Further, countries that are advanced enough to enjoy the air supremacy that allows you to conquer another country are generally also so advanced that they don't have the stomach for a massive occupation of a foreign country that's not directly threatening them. To permanently crush a popular insurgency, you have to slaughter a lot of insurgents, and that's hard to do when the victims' relatives have video cameras to show the carnage on television around the world.

Of course, there will be plenty of opportunities to carry on the Great Game of States by other means. But the payoffs from war-by-other-means will be far less than in the days when a few hundred Conquistadors could conquer two empires.

Sailer writes earlier in his piece that "living space," harbors, agriculture, and minerals just aren't that important anymore - not anything for countries to fight over.

As countries get richer, the importance of any one resource, including land, falls, because rich countries get more from less. (That is something Julian Simon might have said, and probably did say). They do not need to take land by force just to survive. We've gone beyond that. And now the USA is finding out the costs of subjugating other peoples, the costs of occupation, are too high.
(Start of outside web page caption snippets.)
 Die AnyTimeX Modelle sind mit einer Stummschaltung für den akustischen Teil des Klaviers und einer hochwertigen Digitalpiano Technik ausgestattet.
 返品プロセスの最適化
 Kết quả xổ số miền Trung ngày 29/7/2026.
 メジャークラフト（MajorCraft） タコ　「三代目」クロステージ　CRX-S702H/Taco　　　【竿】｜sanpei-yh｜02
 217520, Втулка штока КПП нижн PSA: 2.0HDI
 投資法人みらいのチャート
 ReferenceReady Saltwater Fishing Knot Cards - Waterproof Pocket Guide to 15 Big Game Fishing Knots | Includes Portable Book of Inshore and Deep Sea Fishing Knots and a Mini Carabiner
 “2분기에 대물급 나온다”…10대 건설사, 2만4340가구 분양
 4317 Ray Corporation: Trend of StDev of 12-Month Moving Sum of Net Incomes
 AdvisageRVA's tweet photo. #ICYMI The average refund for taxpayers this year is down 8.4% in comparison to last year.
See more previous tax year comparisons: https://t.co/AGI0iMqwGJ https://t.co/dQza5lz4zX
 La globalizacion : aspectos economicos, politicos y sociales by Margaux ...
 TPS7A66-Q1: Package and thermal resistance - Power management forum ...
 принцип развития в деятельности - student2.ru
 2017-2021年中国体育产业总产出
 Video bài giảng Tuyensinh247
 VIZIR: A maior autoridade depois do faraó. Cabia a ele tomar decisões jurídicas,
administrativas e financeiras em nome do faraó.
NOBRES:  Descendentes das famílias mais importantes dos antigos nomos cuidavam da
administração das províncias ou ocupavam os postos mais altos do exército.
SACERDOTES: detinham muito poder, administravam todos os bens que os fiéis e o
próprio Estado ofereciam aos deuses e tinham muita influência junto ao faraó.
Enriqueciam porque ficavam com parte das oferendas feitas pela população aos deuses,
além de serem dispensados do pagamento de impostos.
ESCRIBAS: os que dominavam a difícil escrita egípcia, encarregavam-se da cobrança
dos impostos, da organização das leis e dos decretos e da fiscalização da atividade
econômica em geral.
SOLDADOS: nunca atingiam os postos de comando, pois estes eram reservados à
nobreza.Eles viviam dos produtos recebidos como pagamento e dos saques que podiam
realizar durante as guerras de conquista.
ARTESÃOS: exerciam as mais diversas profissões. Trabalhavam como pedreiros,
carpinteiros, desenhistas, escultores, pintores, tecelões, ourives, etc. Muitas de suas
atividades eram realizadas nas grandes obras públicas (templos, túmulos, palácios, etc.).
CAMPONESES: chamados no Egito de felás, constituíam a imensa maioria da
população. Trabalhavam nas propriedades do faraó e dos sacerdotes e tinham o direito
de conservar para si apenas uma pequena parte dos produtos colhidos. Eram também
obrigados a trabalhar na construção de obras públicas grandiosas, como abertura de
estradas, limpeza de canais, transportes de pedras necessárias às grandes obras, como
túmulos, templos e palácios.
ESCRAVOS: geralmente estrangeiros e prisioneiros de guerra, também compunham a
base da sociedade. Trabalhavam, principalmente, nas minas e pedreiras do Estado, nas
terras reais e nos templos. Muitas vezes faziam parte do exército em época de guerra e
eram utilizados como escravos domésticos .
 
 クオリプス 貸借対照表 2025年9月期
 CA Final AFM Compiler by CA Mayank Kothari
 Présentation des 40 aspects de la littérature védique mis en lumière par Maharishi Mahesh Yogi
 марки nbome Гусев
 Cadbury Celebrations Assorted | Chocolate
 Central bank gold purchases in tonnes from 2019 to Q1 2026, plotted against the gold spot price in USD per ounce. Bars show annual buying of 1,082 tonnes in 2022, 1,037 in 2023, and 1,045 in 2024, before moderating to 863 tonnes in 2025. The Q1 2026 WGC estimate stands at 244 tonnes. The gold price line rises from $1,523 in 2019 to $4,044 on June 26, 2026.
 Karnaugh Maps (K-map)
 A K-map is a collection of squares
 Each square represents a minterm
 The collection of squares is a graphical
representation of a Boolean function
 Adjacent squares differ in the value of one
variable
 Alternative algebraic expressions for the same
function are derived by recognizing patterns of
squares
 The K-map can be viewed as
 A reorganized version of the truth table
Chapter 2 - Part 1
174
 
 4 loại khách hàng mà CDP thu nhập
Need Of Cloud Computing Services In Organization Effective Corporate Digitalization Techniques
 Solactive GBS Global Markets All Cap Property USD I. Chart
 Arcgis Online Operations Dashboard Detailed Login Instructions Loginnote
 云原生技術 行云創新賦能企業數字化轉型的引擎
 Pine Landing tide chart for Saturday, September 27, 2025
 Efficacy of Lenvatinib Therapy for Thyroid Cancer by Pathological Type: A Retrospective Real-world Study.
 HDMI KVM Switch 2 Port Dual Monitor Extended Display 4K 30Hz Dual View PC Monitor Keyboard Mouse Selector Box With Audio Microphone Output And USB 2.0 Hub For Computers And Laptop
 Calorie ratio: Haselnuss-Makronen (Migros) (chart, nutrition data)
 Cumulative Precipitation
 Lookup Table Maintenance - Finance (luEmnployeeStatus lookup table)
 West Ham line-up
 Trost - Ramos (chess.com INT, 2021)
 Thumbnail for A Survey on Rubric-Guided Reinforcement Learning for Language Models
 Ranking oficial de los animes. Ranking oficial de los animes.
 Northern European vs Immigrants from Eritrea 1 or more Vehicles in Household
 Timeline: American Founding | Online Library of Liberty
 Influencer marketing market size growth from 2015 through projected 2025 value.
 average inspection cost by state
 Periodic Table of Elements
That is the "good" that comes from the Iraq War. It tells us, and the world, the foolishness of invading and occupying another country. There is nothing to be gained. If Julian Simon is right, and that we build more than we destroy, and produce more than we consume, the Iraq War will likely serve as a signal and a lesson for future generations. Because of the Iraq War, it is likely there will be fewer wars in the future. And that is the one good thing that could come from it.

1 comment:

  1. Good post. Though I think a good number of your premises are incorrect, your conclusions seem likely. I find it intersting that I would reach many of the same conclusions starting from wholly different premises. If I had to posit a reason for this, I suppose it would be that nothing in politics is stagnant and two different causes can have the same effect.